A few nights ago, we met up to shoot pool for awhile. One of the waitresses at the pool hall that knows me from me coming in quite often was working. She knew I was there with someone, as she saw her walk in with me. In any case, she's always very flirty with almost anyone that walks in. I always try to be nice, but it does make me uncomfortable. Imagine my surprise when, with my date right there, she remained flirty toward me. When she walked away, my date and I looked at each other and sort of laughed. She then turned to another waitress, who is dating one of our friends, and said, "She does realize I'm right here, right?" She then went on to say, "I mean, we're not officially together, otherwise I might have felt like smacking her." She then looked toward me as if to feel out my reaction to what she had said.

In any case, the question stemming from this long-winded post is this: Was she throwing a hint out there that she might want to move toward more than just a date here and there and toward something more exclusive?
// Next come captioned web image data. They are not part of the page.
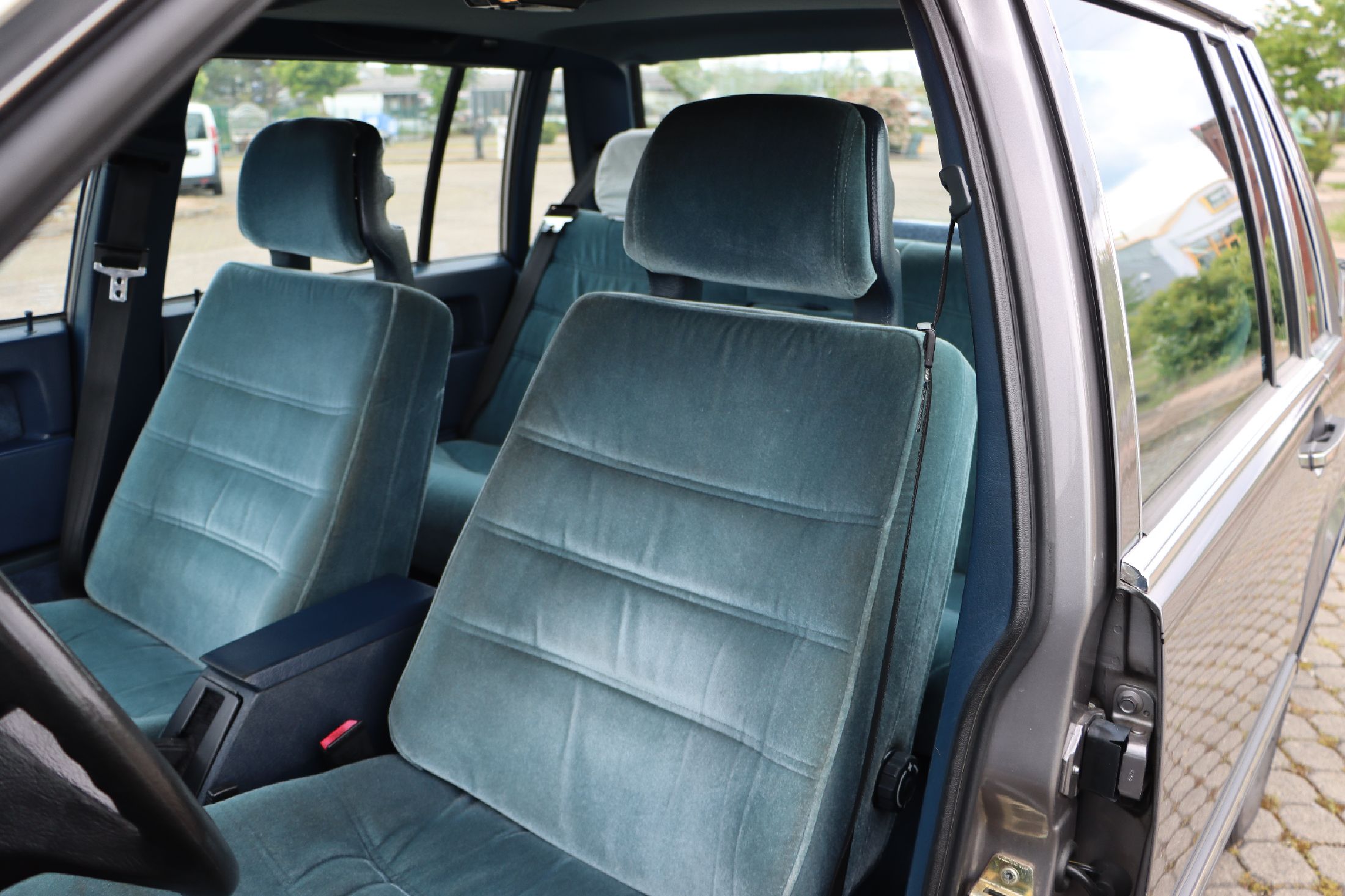 Detail c: Volvo 760 GLE, Fahrgestellnummer: YV1704687F2146251, EZ 04/1985, Laufleistung ca. 326.000 km abgelesen, HU 03/2024, 115 kW/156 PS, 6 Zylinder, ...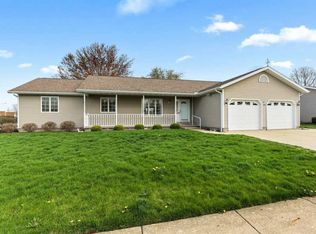 35 Colonial Dr, Clinton, IL 61727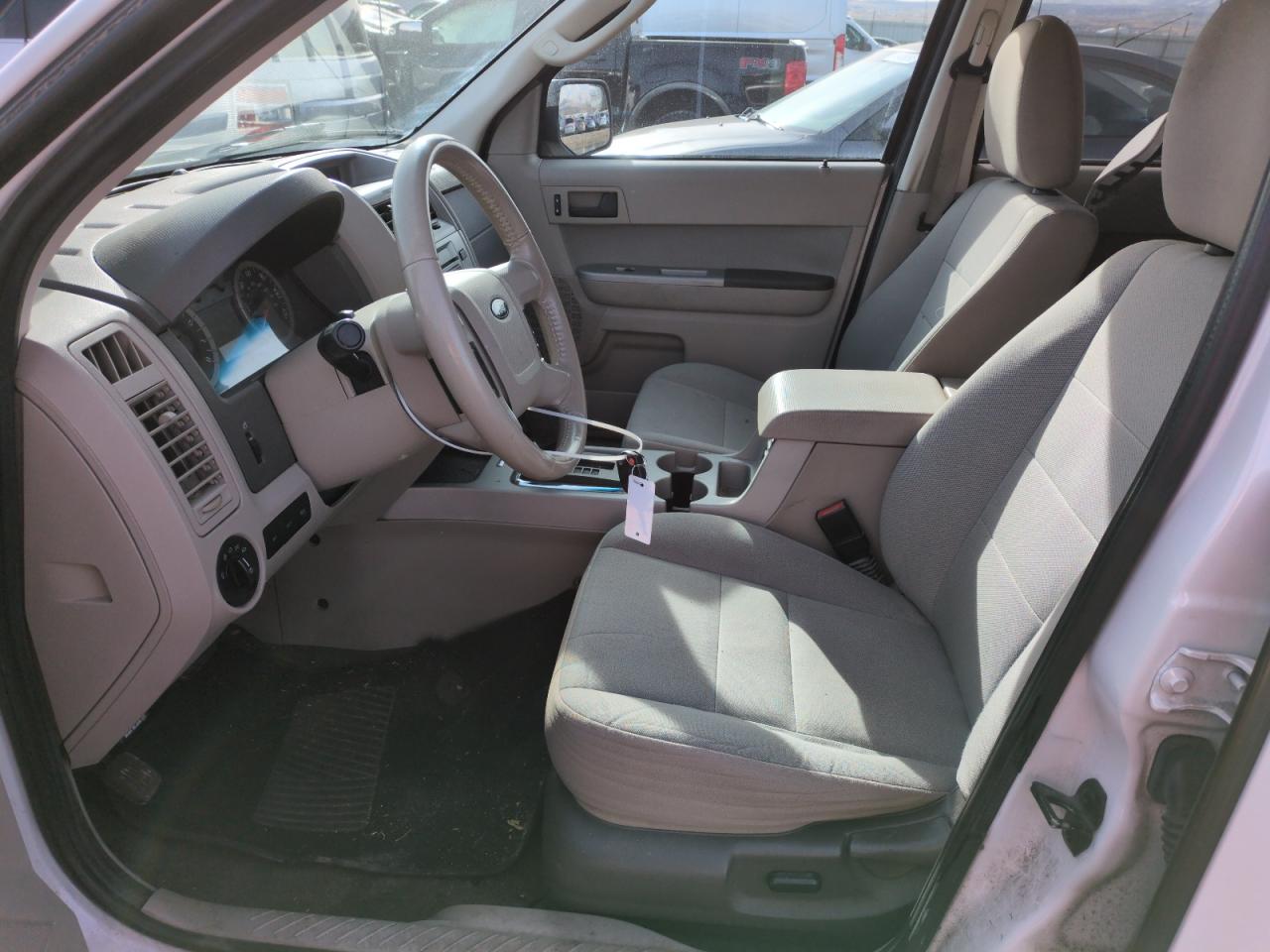 2012 Ford Escape - Image 7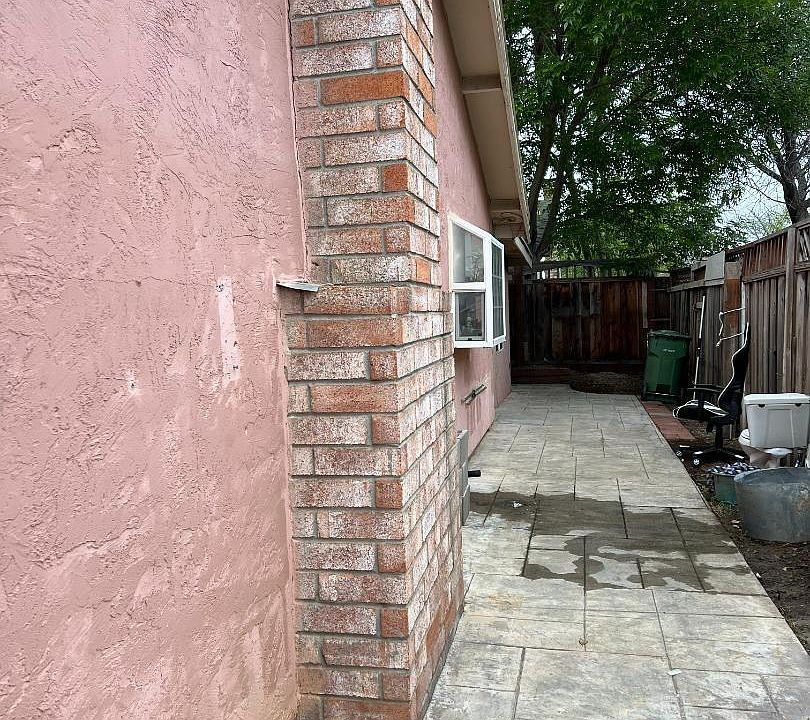 2nd image of 34320 Chester Ct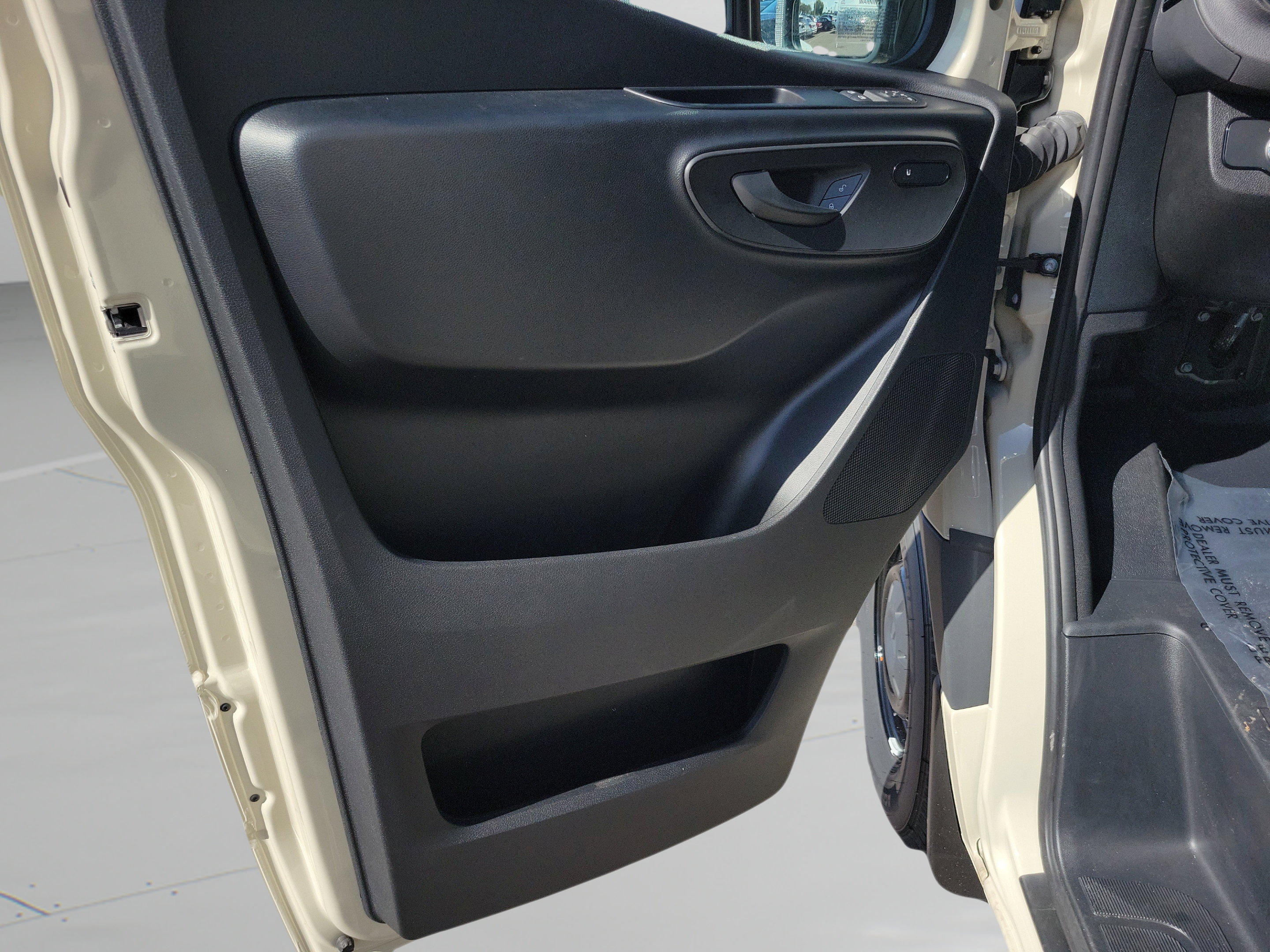 Used 2025 Mercedes-Benz Sprinter 2500 image 11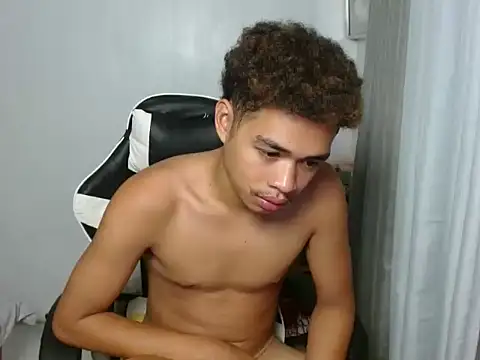 curlyasian_njxx Pertunjukan Webcam
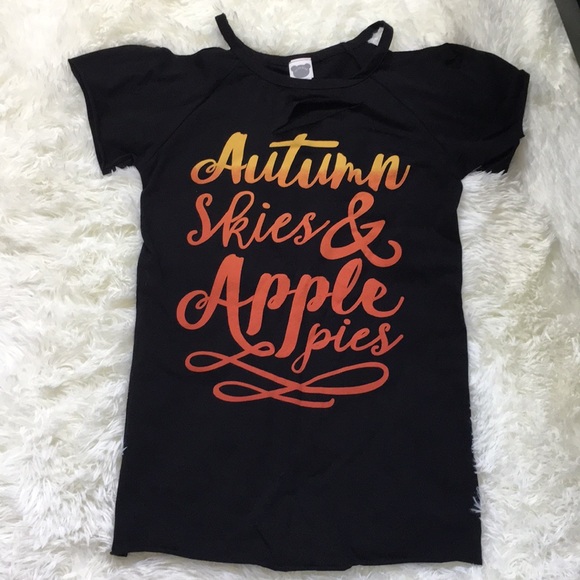 🌹Just In🌹Autumn Skies Apple Pies Top🌹 - Picture 1 of 2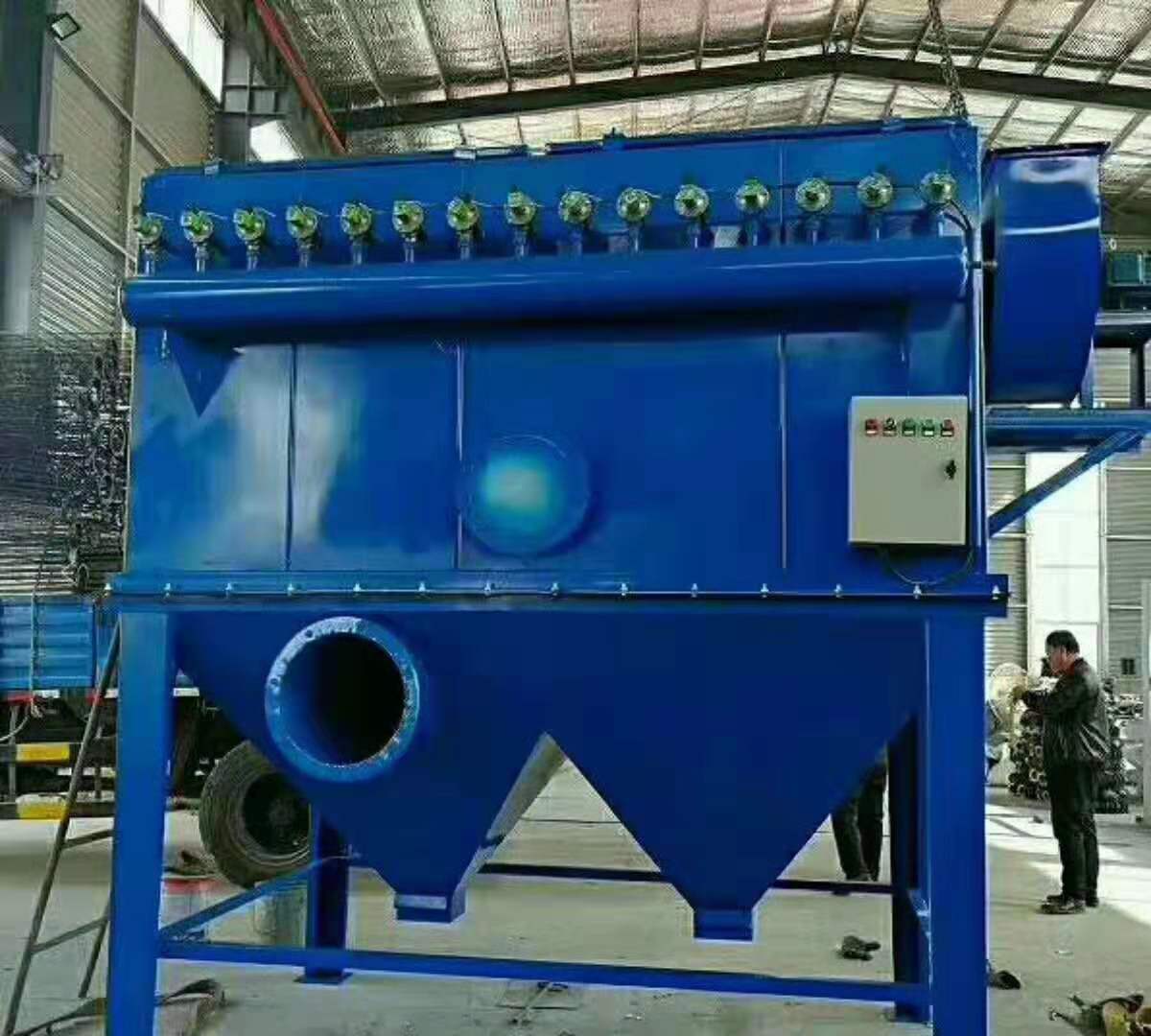 �������m��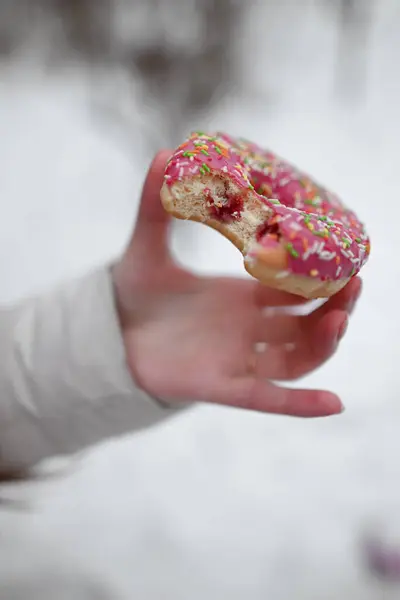 Pembe jöleli donut.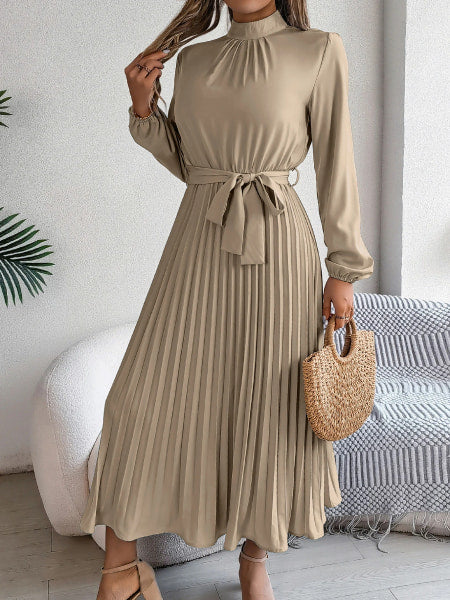 Robe de cocktail mi-longue avec manches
Having learned so much about marriage over the past year, I'm still clueless when it comes to the dating world. I really like her, enjoy her company, and see no reason to back off on dating her at this point. Any ideas?


----------



## unbelievable (Aug 20, 2010)

"yes".


----------



## justonelife (Jul 29, 2010)

I wouldn't read too much into it but she either looked at you intentionally to see if you agreed or was worried that she had blurted something out unintentionally and had freaked you out. Either way, in my opinion the fact that she said it at all means she sees you as possible exclusive boyfriend material.


----------



## Deejo (May 20, 2008)

Dude, you have chicks fighting over you like hyenas over a carcass ...

You're good to go.

I make this suggestions often, to men who find themselves in the dating pool after divorce, or the end of a LTR. Go buy a pickup artist book, or an equivalent dating book. Arm yourself. Be informed. Don't be clueless. And have fun.


----------



## ThinkTooMuch (Aug 6, 2010)

*Throwing Hints? YES!*

Don't want to hijack this thread but write because it made me realize that on one of my first dates - this with a lovely woman from Sausalito - after lunch she invited me to her houseboat.

I didn't realize all the reasons I invited, since then I've learned a lot. 

Guys when a woman invites you to her apartment and opens a good bottle of wine I strongly suggest you pay attention. You are expected to do a lot more than discuss the bottle's artwork.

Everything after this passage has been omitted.